ShareChat applications process, generate and store around 6-8 PiB of data every day. The data can be content such as videos, images, and audio, and meta information like tags, likes, and comments. Different kinds of analytics may be performed on the data. Every operation is associated with a business logic typically triggered by the actions of an end-user.

Based on the type of data to store (like spatial, blobs, graphs), access requirements of data (consistent vs eventually consistent, reads to write ratio, query operations like join), and scale of data a database solution may be better suited than others.

Relational databases:Google Spanner & CloudSQL
Non-Relational databases: Google BigTable, ScyllaDB & MongoDB
Object store databases: Google Storage Buckets (GCS)
Search databases: Elastic Search, Milvus
Data Warehouse: Google BigQuery, Apache DRUID

Caching layer

At ShareChat, application performance is one of the most important SLAs we focus on, and to achieve this one major metric is latency. Latency can directly affect some key business metrics. Caching of frequently accessed data is one popular method to decrease latency and also alleviate the load on backend systems.

In-Memory Cache: Redis, Memcache
CDNs provided by Google, Amazon, Tencent, Akamai

Message Broker

Message brokers are used for event-based communication between microservices, asynchronous processing of data, real-time analytics and monitoring, data ingestion, data integration, and data replication. At ShareChat, most applications rely on Google Pub/Sub, Kafka, and Redis-streams.

Application Layer

ShareChat applications are developed following microservice-based architecture. Services may communicate synchronously or asynchronously. Synchronous communication is a blocking call in which an upstream service needs a response from a downstream service to build its response.Whereas in asynchronous communication the upstream service does not wait for a response from the downstream services to build its response. It just sends the message to a topic in a message broker which interested services can subscribe to for further processing.

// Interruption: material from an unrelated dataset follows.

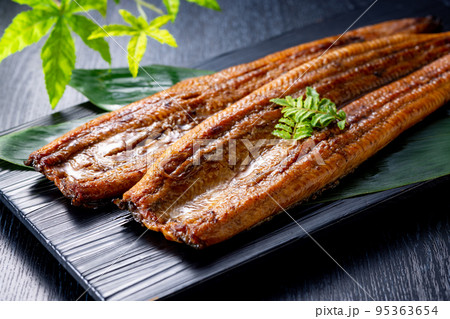 国産うなぎの蒲焼き 95363654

ShareChat services are written in NodeJS, Java, and GoLang. Services uses Cortex, where all information about a service like downstream services, various dashboards, and slack channels are defined.

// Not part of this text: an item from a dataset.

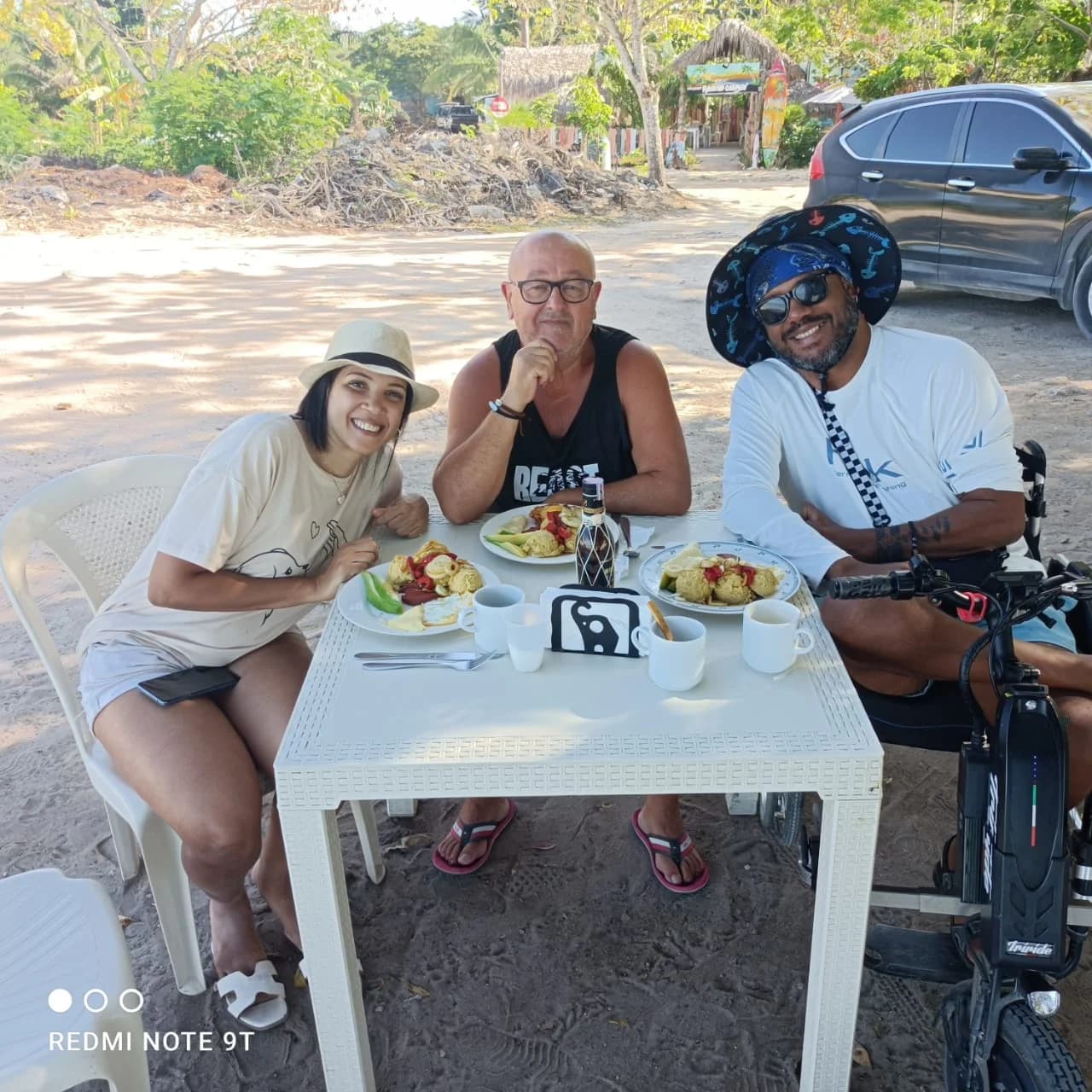 Comiendo comida típica en Bayahibe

Communication between ShareChat client and server applications as well as inter-service communication is via REST over HTTP 2.x. Other protocols like gPRC are also being explored for inter-service communication which offers better performance at cost of flexibility.

Traffic Routing

Internal tools and client applications interact with ShareChat services. An example of an Internal tool is a web tool for the operations team to take actions like blocking a suspicious user.

The entry point for ShareChat services is a Google load balancer exposed on public IP which routes traffic to an internal subdomain within ShareChat VPC based on URL mapping defined in API Gateway. The internal domain name resolution happens via Cloud DNS which maps the internal domain to the Nginx.

client -> DNS -> GCLB -> API Gateway -> Nginx ingress -> kubernetes service -> service pods

Deployments

At ShareChat we are using inhouse Jenkins and Spinnaker for CI (Continous Integration) and CD(Continuous Deployment) respectively. Jenkins <-> Spinnaker combo works seamlessly with each other. Each application has its own Jenkins and Kubernetes definitions defined for its CI & CD purpose. Each service communicates with the other via the internal Nginx layer.

Issues with the existing system

As we grow as an organization, we have realized the current Infrastructure setup won’t scale as expected and might be time-consuming as we turn more mature in terms of insights and quality.

CI

Each application builds its own image from scratch, quite difficult to track versions for base modules.
Build time got longer and longer as we introduced more features since there were no runtime-specific agents.
Developers need to understand groovy scripts and plugin implementations for Jenkins files.

CD

Each application defines its own k8s object which leads to standardization issues across applications.
K8s-related changes across the organization require changes to all application’s manifest files.
No centralized place to control how and what k8s objects should be deployed.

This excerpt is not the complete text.